Cardinal Marx is also not alone, among those attending the meeting, in pushing for radical changes to the Church’s life. The head of the Swiss bishops, Bishop Büchel of St. Gallen, has spoken openly in favor of women’s ordination, saying in 2011 that the Church should “pray that the Holy Spirit enables us to read the signs of the times.” Archbishop Pontier, head of the French bishops, is also known to have heterodox leanings.
Among the specialists present was Father Eberhard Schockenhoff, a moral theologian. Faithful German Catholics are particularly disturbed about the rise to prominence of Father Schockenhoff, who is understood to be the “mastermind” behind much of the challenge to settled Church teachings among the German episcopate and, by implication, at the synod on the family itself.
A prominent critic of Humanae Vitae (The Regulation of Birth), as well as a strong supporter of homosexual clergy and those pushing for reform in the area of sexual ethics, Father Schockenhoff is known to be the leading adviser of the German bishops in the run-up to the synod.
Also noted were the large number of media representatives.
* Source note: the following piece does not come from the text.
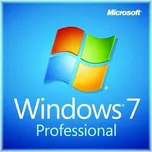 Microsoft Windows 7 Professional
Journalists from the Frankfurter Allgemeine Zeitung, German broadcasters ZDF and ARD, the Italian daily La Repubblica and French-Catholic media La Croixand I-Media were also present. Their presence was “striking,” said one observer, who predicted they will be used to promote the agenda of the subject matter under discussion in the weeks leading up to the synod.
Monday’s meeting is just the latest attempt to subtly steer the upcoming synod in a direction opposed by many faithful Catholics. A statement on the study day released by the German bishops’ conference May 26 said there was a “reflection on biblical hermeneutics” — widely seen as code words for understanding the Bible differently from Tradition — and the need for a “reflection on a theology of love.”
Critics say this, too, is undermining Church teaching. By replacing the theology of the body with a “theology of love,” it creates an abstract interpretation that separates sex from procreation, thereby allowing forms of extramarital unions and same-sex attractions based simply on emotions rather than biological reality. Gone, say critics, is the Catholic view of marriage, which should be open to procreation.
The statement, which conspicuously failed to mention sin, ended by saying that “further discussion on the future of marriage and family is necessary and possible” and that it would be “enriched by a further, intensive theological reflection.”
This, too, is code for wanting a change in teaching, giving the impression that the doctrine in these areas is open to change. But for the Catholic Church, it is a settled issue.
“Imagine if the Church accepted homosexual relationships,” said one source speaking on condition of anonymity. “Ultimately, that is what these people want.”
That’s exactly what they want. Last autumn I suspected that the real agenda wasn’t Communion for the divorced and remarried.